(Work instruction) From the entries below, print exactly the span beginning with the line holding "CHÉ ROCK BAR & RESTAURANT CHÉ" and ending with the line holding "ROOM, QUADRUPLE", endpoints included, and skip any pictures.

(Record set)

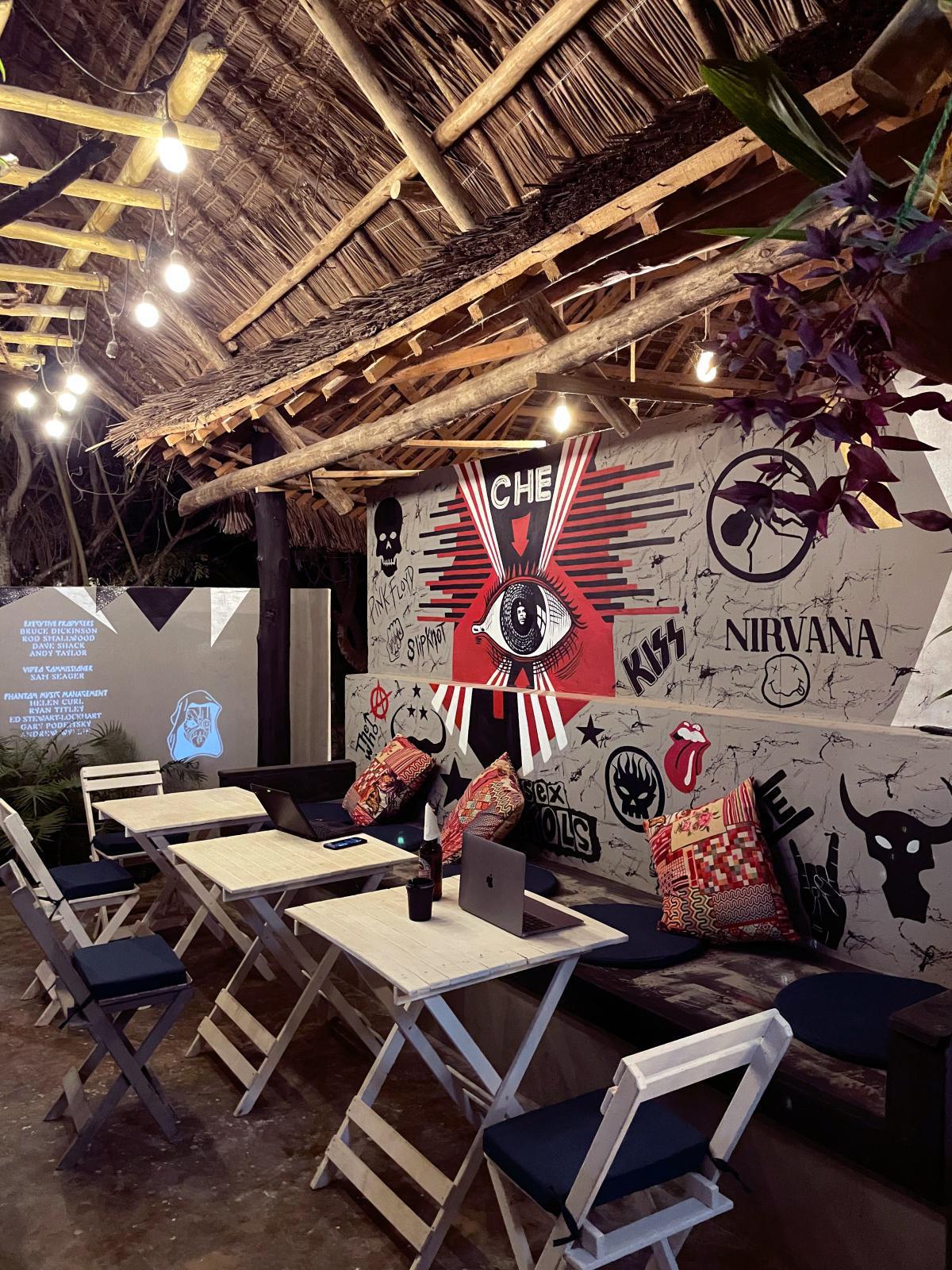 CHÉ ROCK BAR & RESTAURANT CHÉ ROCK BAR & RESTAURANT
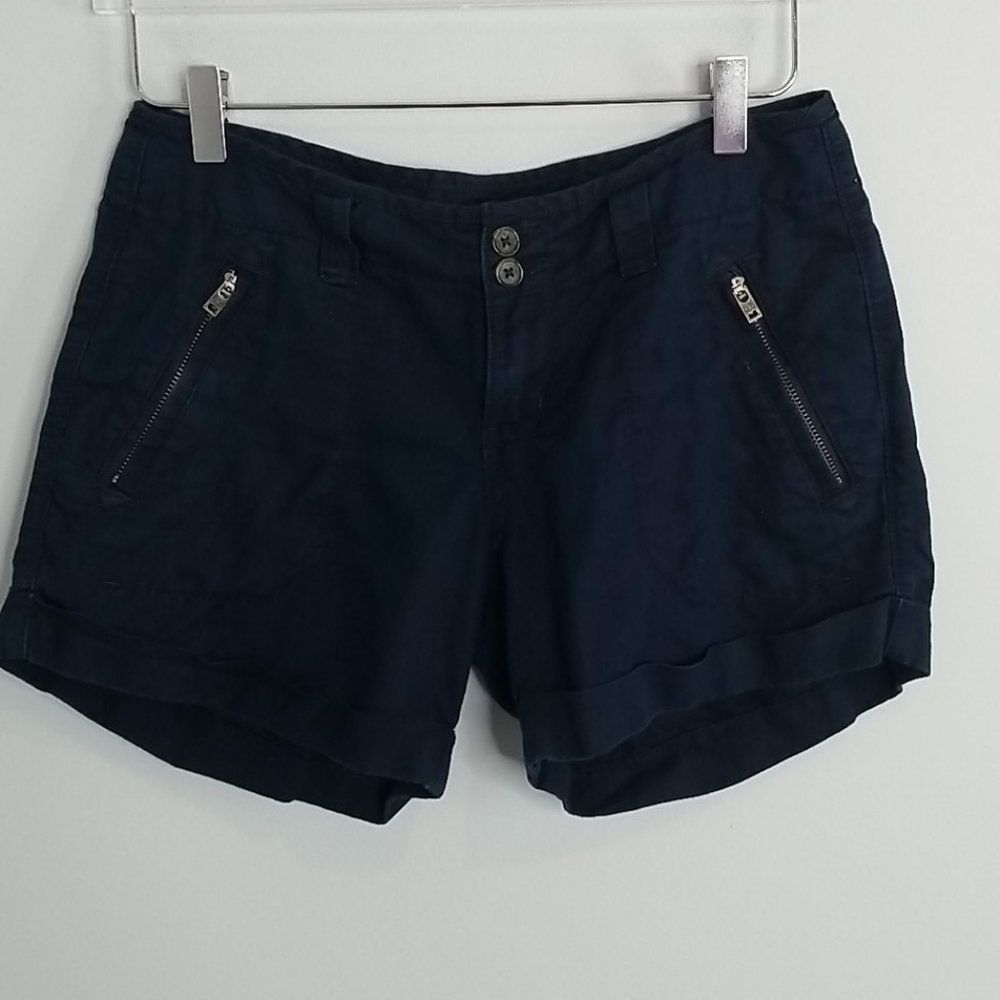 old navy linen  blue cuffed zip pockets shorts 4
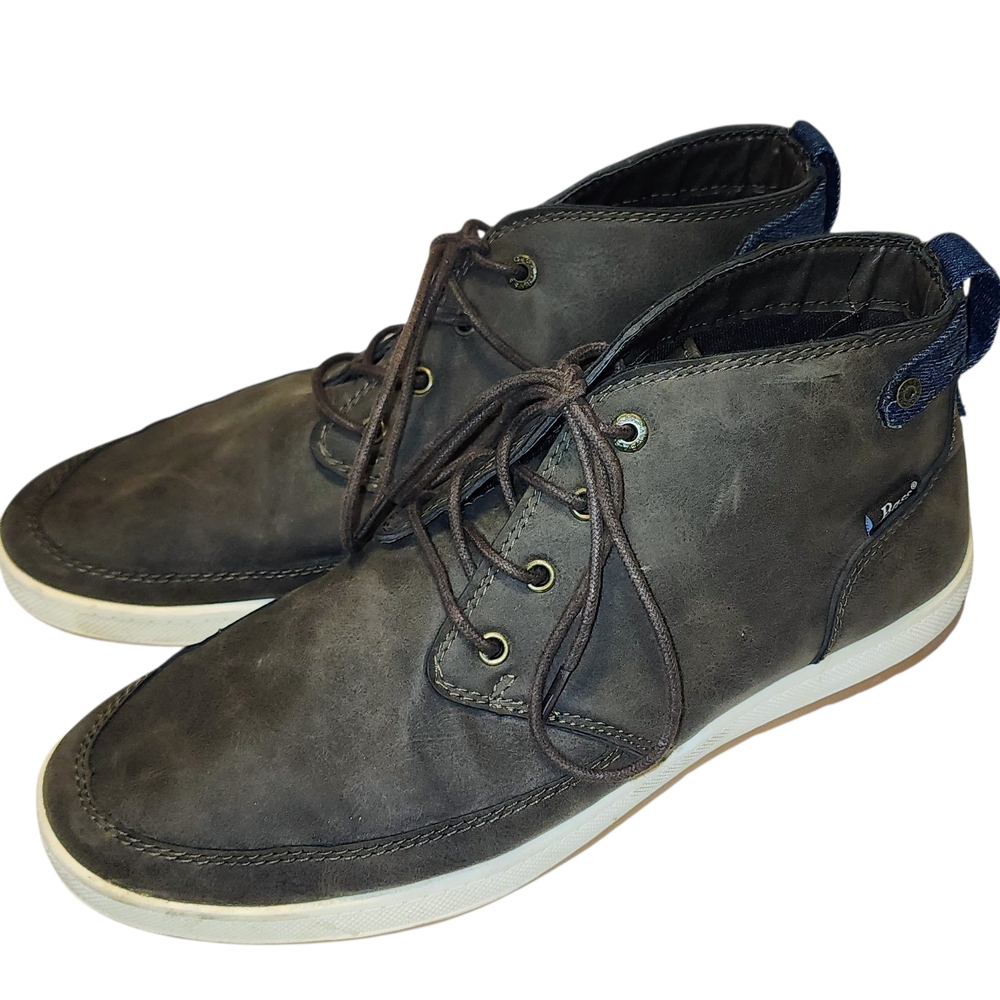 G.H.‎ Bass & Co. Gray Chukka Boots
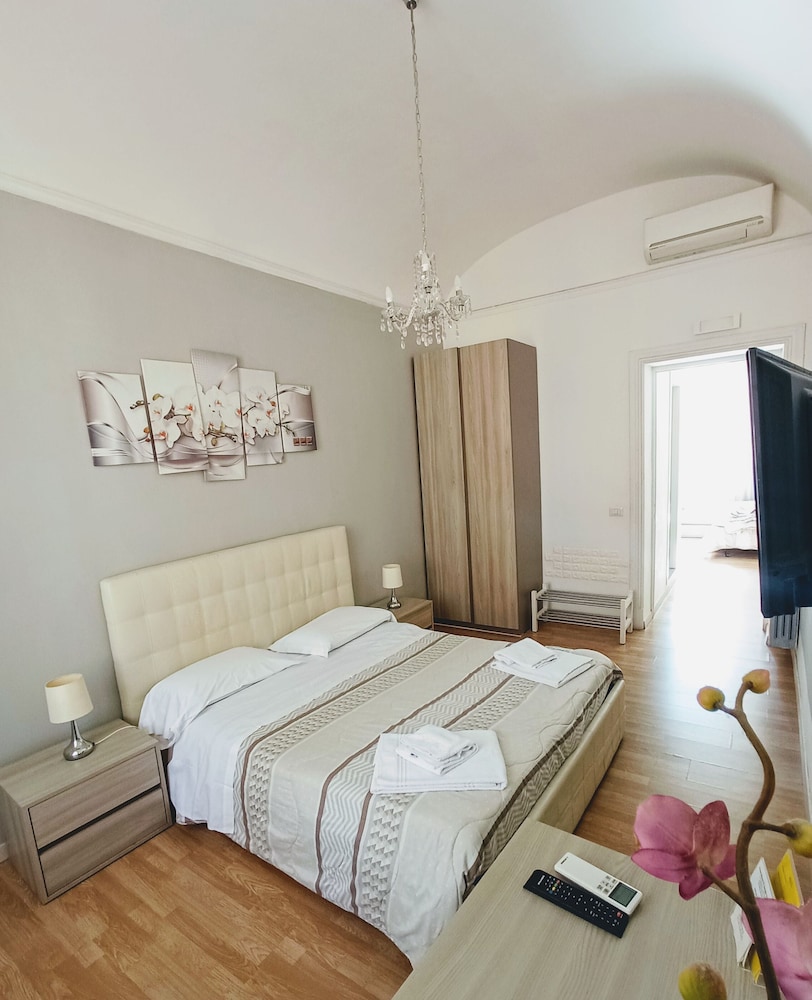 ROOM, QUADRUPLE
---
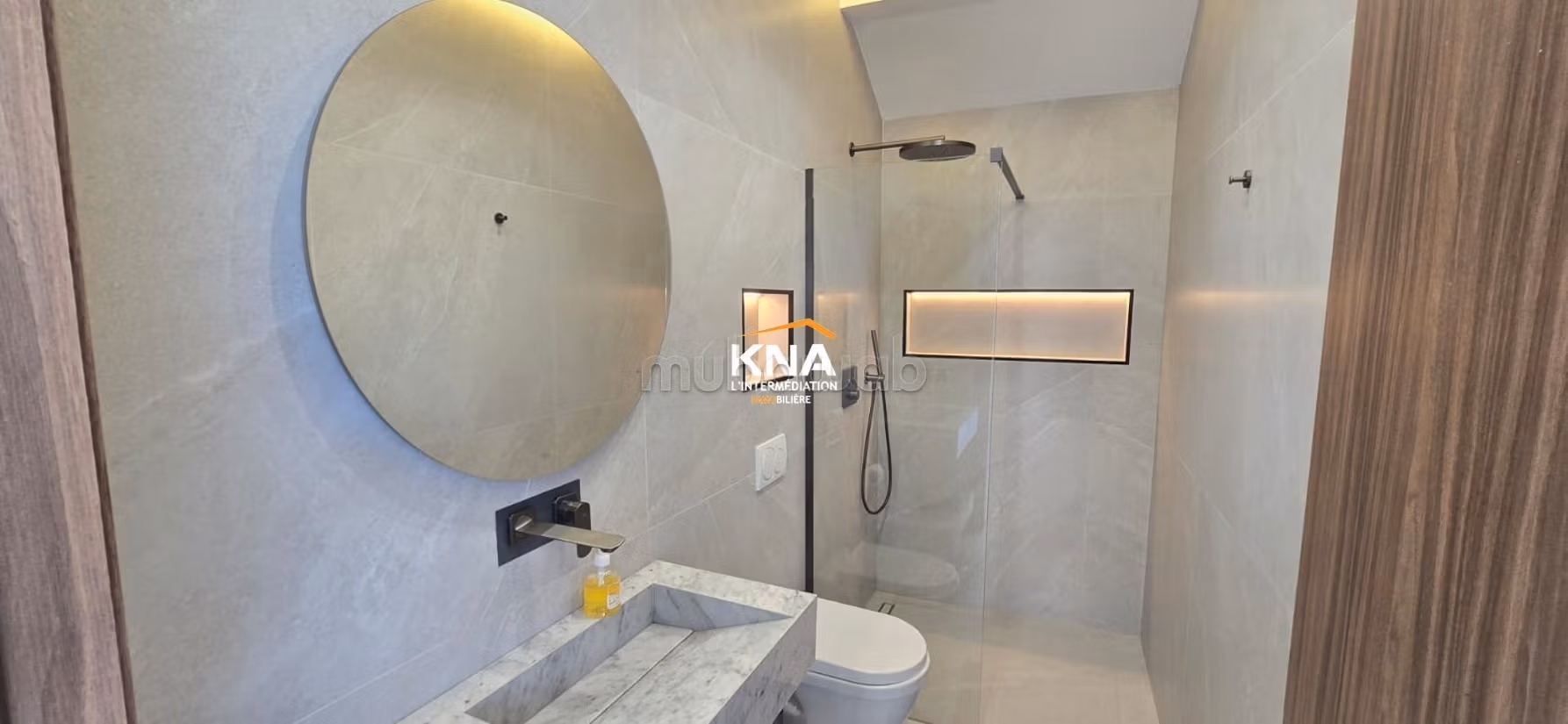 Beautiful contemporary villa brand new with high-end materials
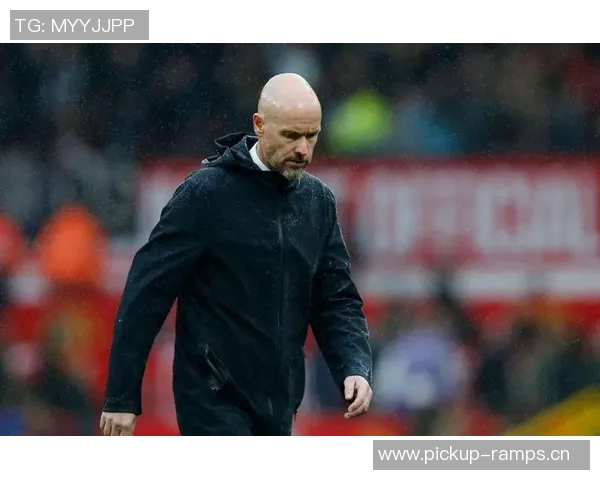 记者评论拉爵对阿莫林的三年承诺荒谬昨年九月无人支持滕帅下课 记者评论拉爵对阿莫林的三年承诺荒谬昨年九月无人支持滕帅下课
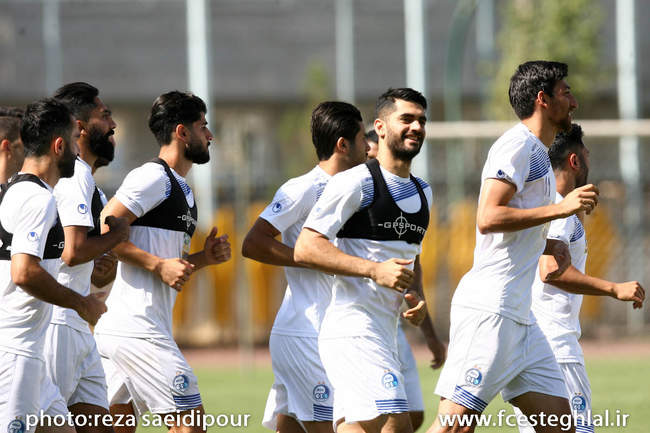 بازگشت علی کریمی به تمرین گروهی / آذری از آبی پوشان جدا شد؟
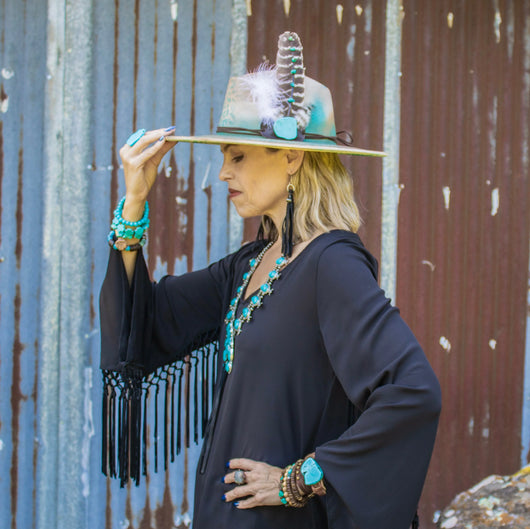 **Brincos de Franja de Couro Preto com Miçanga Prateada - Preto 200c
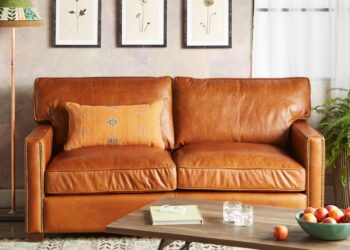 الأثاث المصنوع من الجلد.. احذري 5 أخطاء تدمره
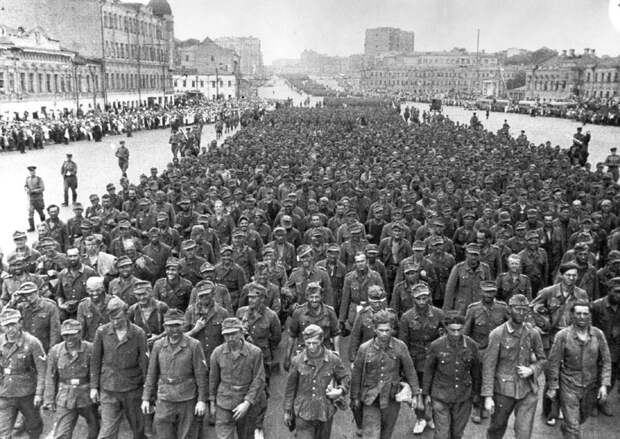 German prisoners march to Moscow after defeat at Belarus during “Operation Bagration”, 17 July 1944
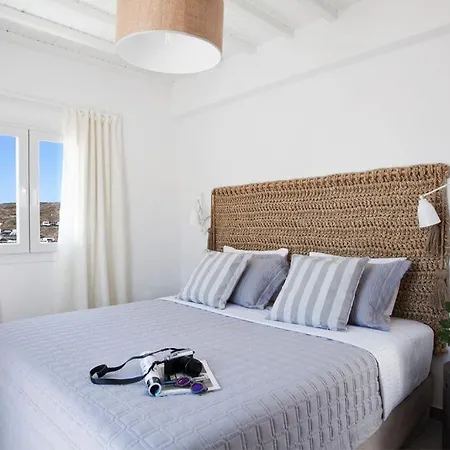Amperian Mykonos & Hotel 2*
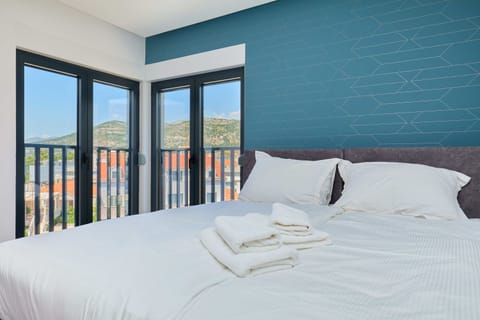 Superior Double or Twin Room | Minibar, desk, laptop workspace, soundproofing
* * *
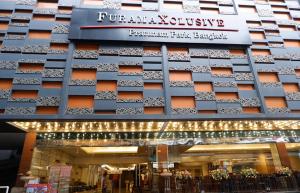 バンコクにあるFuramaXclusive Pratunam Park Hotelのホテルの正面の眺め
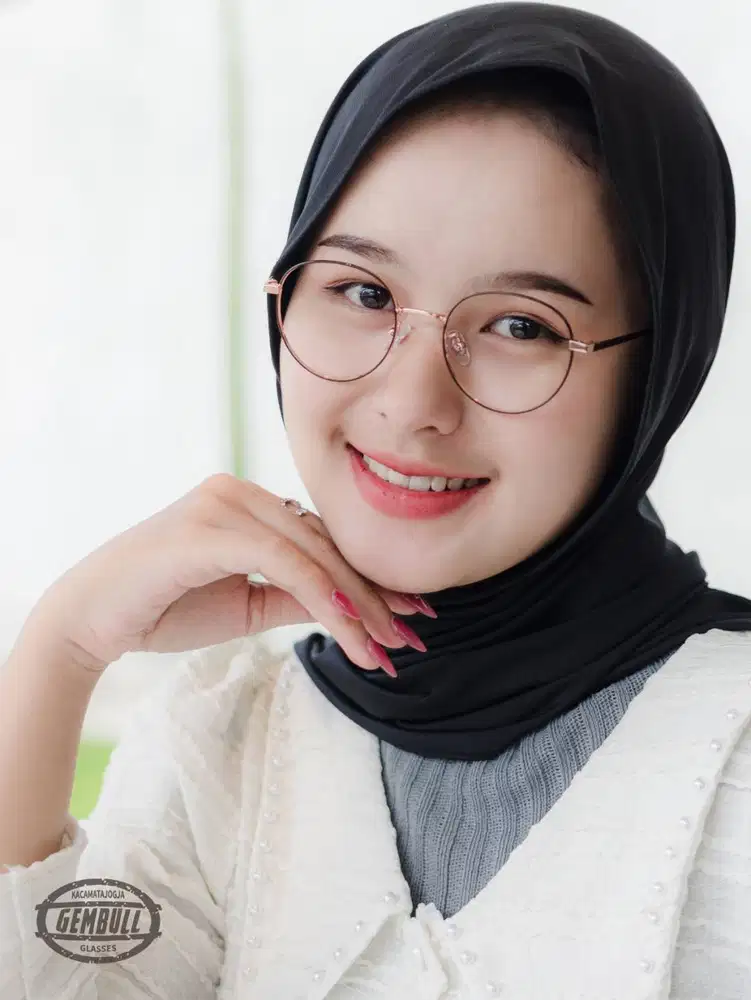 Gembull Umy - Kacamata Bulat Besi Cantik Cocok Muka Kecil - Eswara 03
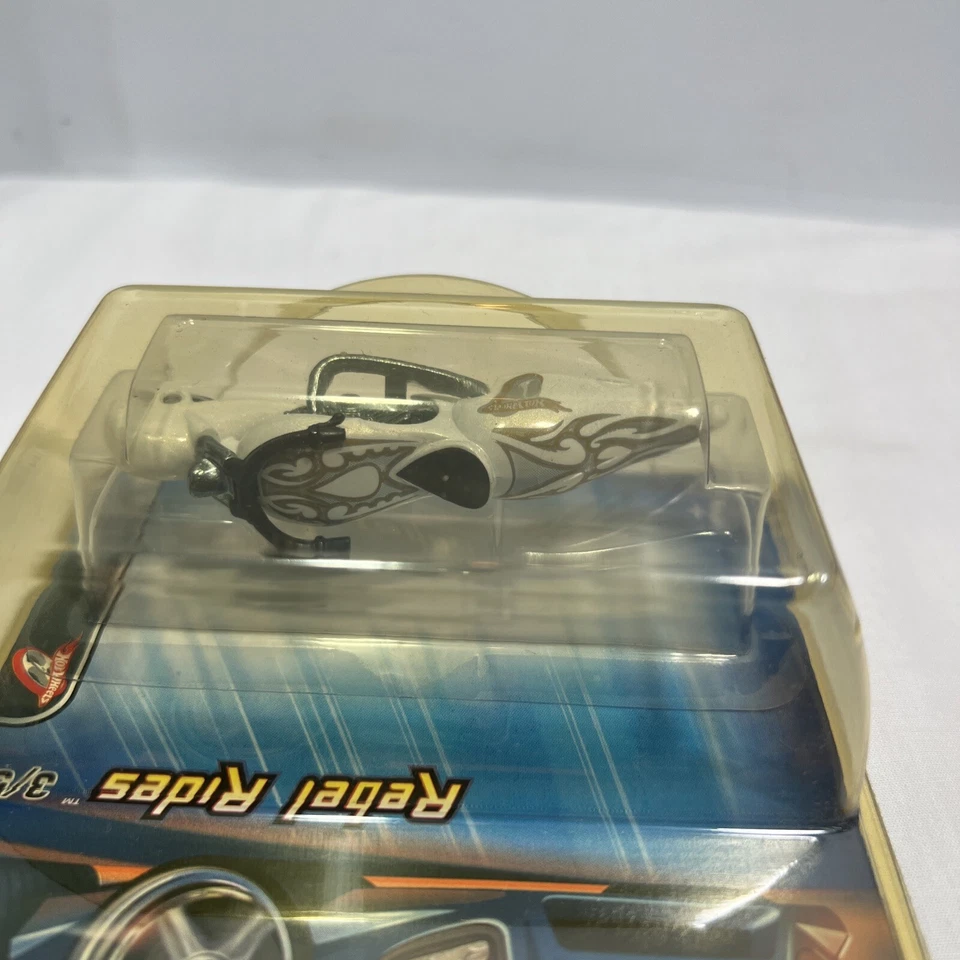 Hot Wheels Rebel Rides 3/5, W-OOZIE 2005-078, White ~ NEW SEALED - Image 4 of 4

(Solution to this problem)
 CHÉ ROCK BAR & RESTAURANT CHÉ ROCK BAR & RESTAURANT
 old navy linen  blue cuffed zip pockets shorts 4
 G.H.‎ Bass & Co. Gray Chukka Boots
 ROOM, QUADRUPLE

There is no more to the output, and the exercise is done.